Boy dan Putra

Começar do início
                                    

Saat melihat wajah serta beberapa bagian baju yang melekat di tubuh Ayana basah, Putra sudah mengira bahwa Ayana baru saja mengambil air wudhu untuk sholat. Sesuai dugaan di awal, Ayana mulai mengerakkan tangannya untuk melaksanakan sholat secara duduk.

“Mas udah sholat?” tanya Ayana saat telah menjalankan sholat serta do’anya dalam hati.

“Belum.”

“Nggak mau sholat dulu Mas?” Putra tidak menjawab, melainkan menoleh ke arah Boy yang kini tengah tertidur lelap di dalam pangkuannya. Ayana yang mengerti maksud dari tatapan Putra langsung berdiri memberikan jalan untuk Putra agar Putra segera berdiri dari tempat duduknya.

Perlahan, Putra mengangkat kepala Boy dan meletakkannya di atas kursi yang tadi di tempati olehnya. Dengan langkah gontai karena merasa pegal di beberapa anggota tubuhnya, Putra meninggalkan kursi menuju ke arah toilet untuk mengambil air wudhu untuknya.

Ayana yang melihat Boy sedang tertidur dengan posisi yang tidak enak, akhirnya memutuskan untuk mengangkat kepala Boy dan meletakkannya di pangkuannya secara perlahan. Tak selang beberapa lama, Putra kembali dan menempati tempat duduk yang tadi sempat di gunakan oleh Ayana. Tetesan air wudhu tercetak jelas di wajah  tampan milik Putra.

“Maaf Mas, aku nggak tau kalau tadi aku tidur di depan dada Mas Putra,” ujar Ayana secara gugup saat mengetahui Putra telah selesai melaksanakan kewajiban umat islam di seluruh dunia.

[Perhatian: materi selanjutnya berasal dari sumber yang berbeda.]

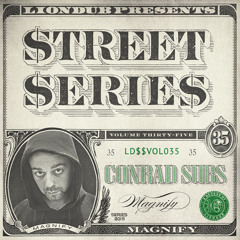 Conrad Subs - Transfixed [Premiere]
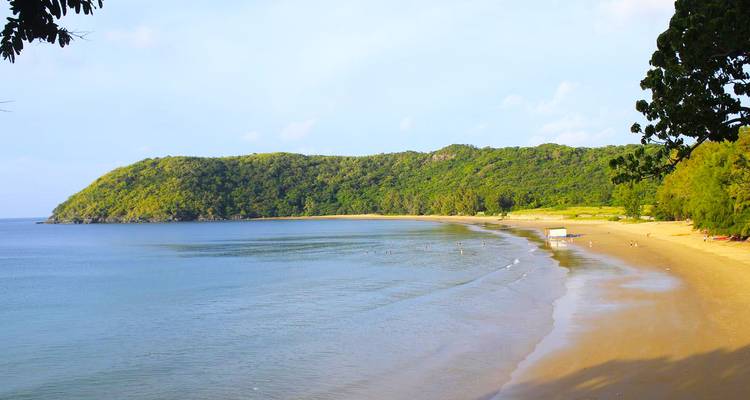 3 days Con Dao Island Escape from Ho Chi Minh City - Hoi An Express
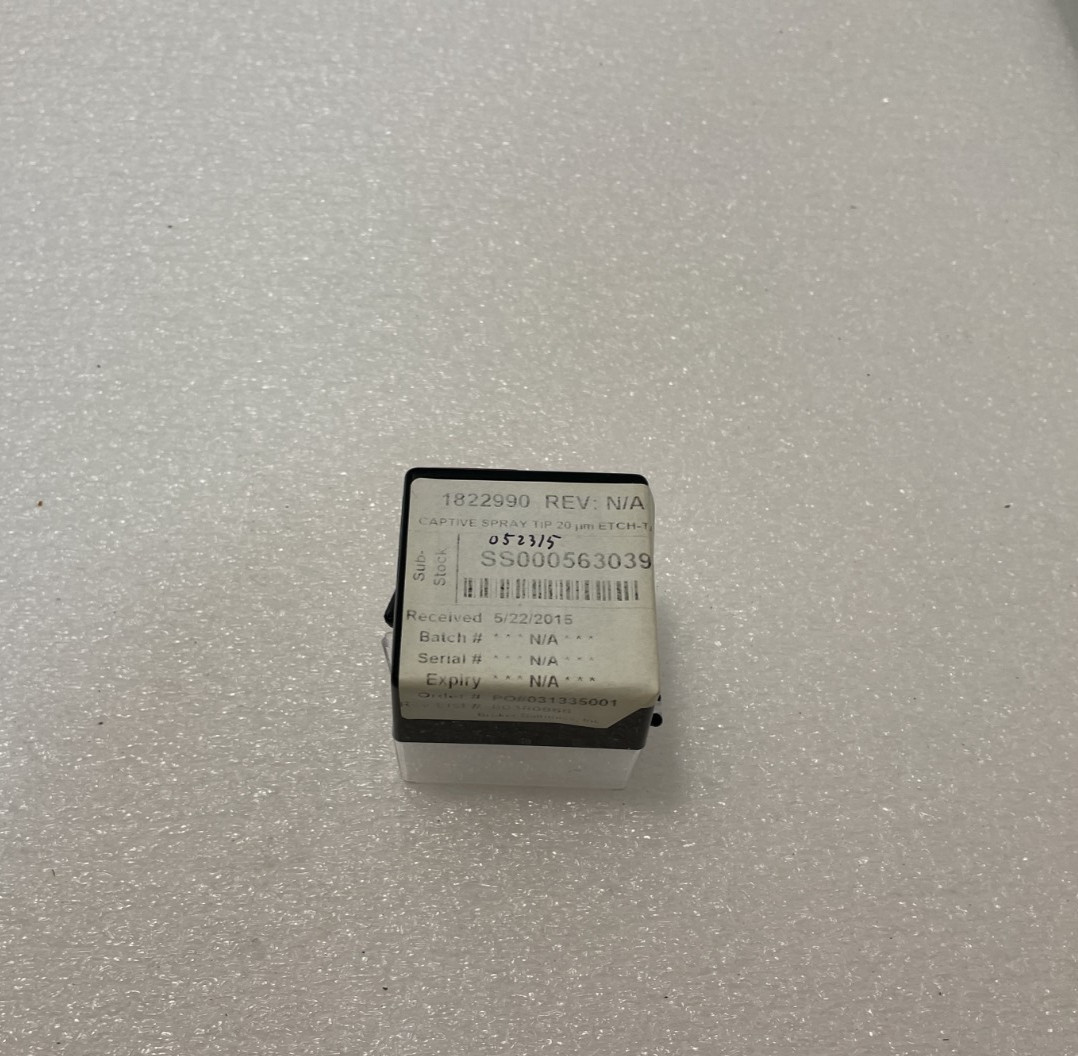 1822990 Captive Spray TIP 20 µm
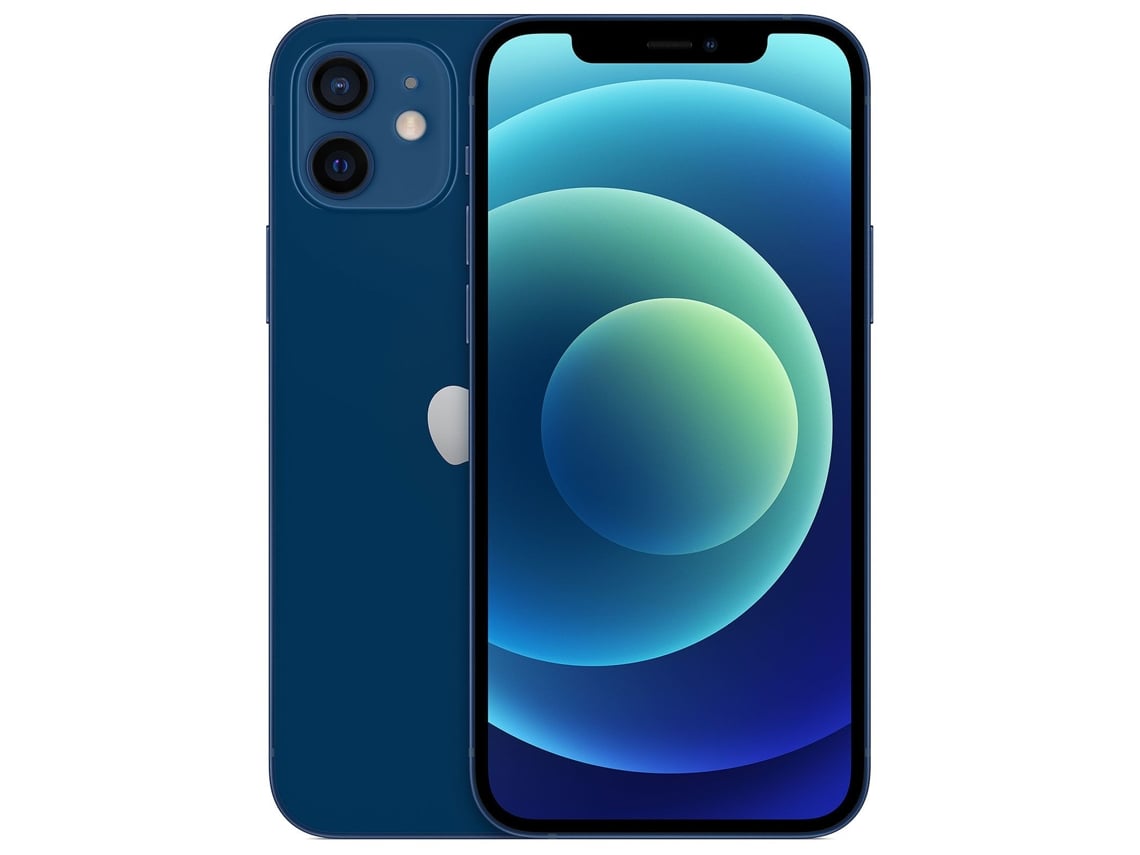 iphone 12 (semi-novo)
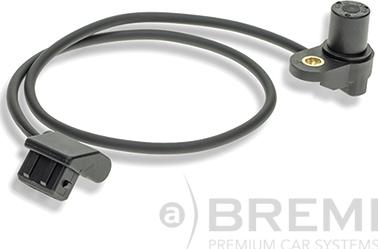 Bremi 60149 - Датчик, положення розподільного валу autocars.com.ua
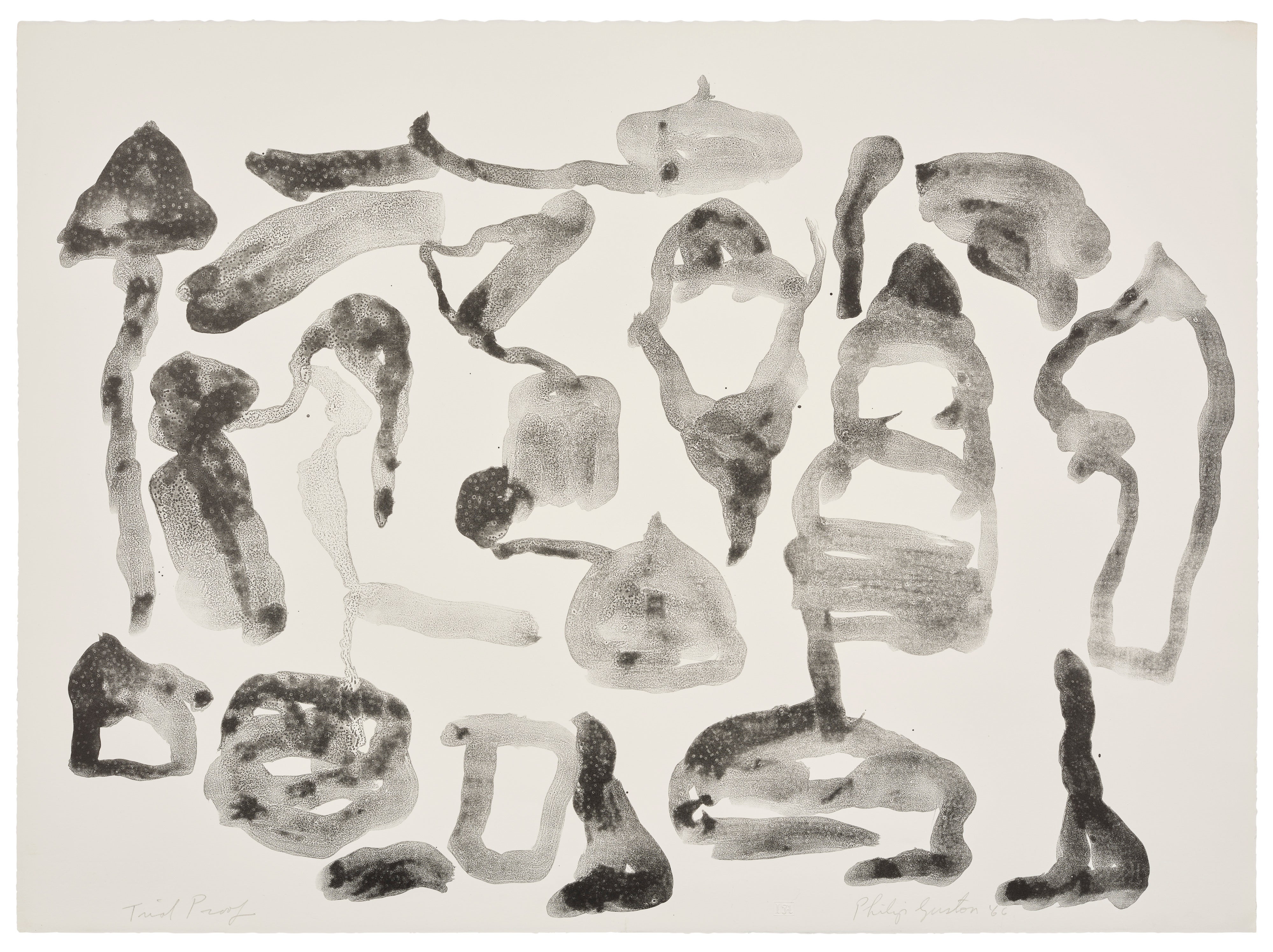 Philip Guston: Works for Sale, Upcoming Auctions & Past Results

“Iya nggak papa, harusnya aku yang minta maaf soalnya tanpa izin dari kamu aku naruh kepala kamu di depan dadaku tadi.” Ayana sontak memandang wajah Putra secara cepat. Pantas, jika saja Ayana tertidur, paling tidak Ayana akan bersender di bahu milik Putra, bukannya di depan dadanya.

“I … iya nggak papa.”

“Bunda,” rengek Boy secara manja kala terbangun dari tidur lelapnya.

“Iya sayang, kenapa Boy?”

“Laper!” Boy mendudukkan tubuhnya sembari memeluk tubuhnya ke tubuh Ayana dari samping.

“Mas, tolong bisa ambilin tasku?”

“Iya.” Setelah mengambil tas dari tangan Putra, Ayana mengambil salah satu kue yang berada di dalam tasnya dan memberikannya kepada Boy. Dengan lahap, Boy memakan kue yang yang telah di berikan oleh Ayana.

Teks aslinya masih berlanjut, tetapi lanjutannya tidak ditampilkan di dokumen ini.